Kekerasan Gender dari Kacamata Sosial, Patriarki Biang Keladinya?

Bagaimana dunia memandang perempuan rendah

Intinya Sih...

  • Kasus kekerasan pada perempuan di Indonesia sering berujung kematian, termasuk dalam kategori femisida.
  • Perempuan rentan mengalami kekerasan seksual dan fisik, terutama dalam ranah personal seperti perkawinan atau rumah tangga.
  • Pandangan patriarki global membuat perempuan dianggap tak berharga, rentan dipaksa menikah, dan mendapat diskriminasi di tempat kerja.

Jakarta, IDN Times - Kasus kekerasan pada perempuan bukan hal baru di Indonesia. Bahkan tak sedikit yang berujung kematian. Belakangan masyarakat Indonesia menerima berbagai informasi yang berkaitan dengan pembunuhan perempuan di sejumlah daerah di Indonesia. Kasus seperti ini dapat masuk dalam kategori femisida. 

Pengamat sosial sekaligus pengajar dan peneliti tetap Program Vokasi Humas UI, Devie Rahmawati menjelaskan kekerasan berbasis gender ini dari kacamata sosial. Ada berbagai hal yang menempatkan perempuan pada krisis hingga mereka meninggal karena dibunuh.
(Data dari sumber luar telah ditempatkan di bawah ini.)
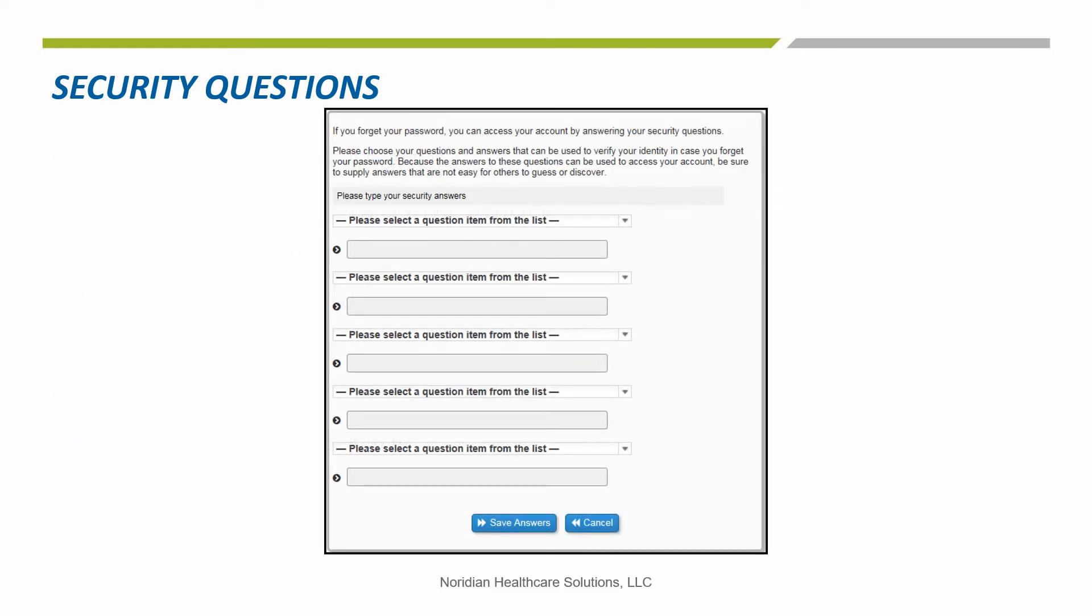This is what the Security Questions page will look like. Once the questions and answers have been provided, you will choose the Save Answers button.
Organisasi Kesehatan Dunia (WHO) mengungkapkan bahwa satu dari tiga perempuan pernah mengalami kekerasan.

Kekerasan seksual hingga fisik rentan dialami perempuan sebagai kelompok rentan. Catatan Tahunan (CATAHU) 2021 Komnas Perempuan menunjukkan ranah yang paling berisiko bagi perempuan mengalami kekerasan, yaitu ranah personal, di antaranya dalam perkawinan atau dalam rumah tangga (KDRT) serta dalam hubungan personal seperti hubungan pribadi atau pacaran yaitu sebesar 79 persen atau sebanyak 6.480 kasus, ada peningkatan 4 persen pada 2020.

Catahu 2021 juga mencatat kekerasan gender berbasis siber atau KGBS di ranah rumah tangga atau personal bertambah dari 35 kasus menjadi 329 kasus dari 2019 ke 2020, yang artinya ada kenaikan 920 persen di masa pandemik COVID-19.
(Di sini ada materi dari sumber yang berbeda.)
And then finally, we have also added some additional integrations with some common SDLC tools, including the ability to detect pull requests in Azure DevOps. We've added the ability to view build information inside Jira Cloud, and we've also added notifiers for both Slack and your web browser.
“Apa saja faktor yang menyebabkan? Memang kalau menghitung dari jarak waktu pandemik sebagai salah satu momentum di mana terjadi peningkatan yang luar biasa dari aksi kekerasan terhadap perempuan dan anak perempuan. Karena memang, satu ketika di masa isolasi perempuan berada di dalam rumah-rumah yang tertutup, terisolasi sehingga mereka kesulitan untuk mencari bantuan,” kata dia kepada IDN Times, Rabu (29/5/2024).

1. Pandangan patriarki buat perempuan tak berharga

Kekerasan Gender dari Kacamata Sosial, Patriarki Biang Keladinya?Sosiolog UI, Devie Rahmawati (IDN Times/Margith Juita Damanik)

Dia menjelaskan, hal ini berakar dari bagaimana dunia memandang perempuan. Bukan hanya di Indonesia, secara global pandangan patriarki kerap terjadi. Laki-laki dianggap sebagai pemimpin utama dan perempuan dan anak perempuan dianggap sebagai yang tak mampu bawa penghasilan pada keluarga.

“Kalau tidak berharga maka perlakuan terhadap perempuan dan anak perempuan itu layaknya memperlakukan beda. Kalau tidak suka ya kita buang saja,” katanya.

Selain itu, ada juga kondisi di mana perempuan dipaksa menikah agar tidak merepotkan keluarga. Belum lagi dari sisi pekerja. Perempuan kerap mendapat diskriminasi yang mana gajinya lebih rendah dari laki-laki, padahal jabatan dan latar belakang pendidikan serta pengalaman sama.

“Akibat cara pandang patriarki, yaitu cara pandang di mana makhluk Tuhan yang dianggap paling mulia adalah laki-laki. Sehingga perempuan itu bisa diberlakukan apapun sesuka laki-laki,” kata dia.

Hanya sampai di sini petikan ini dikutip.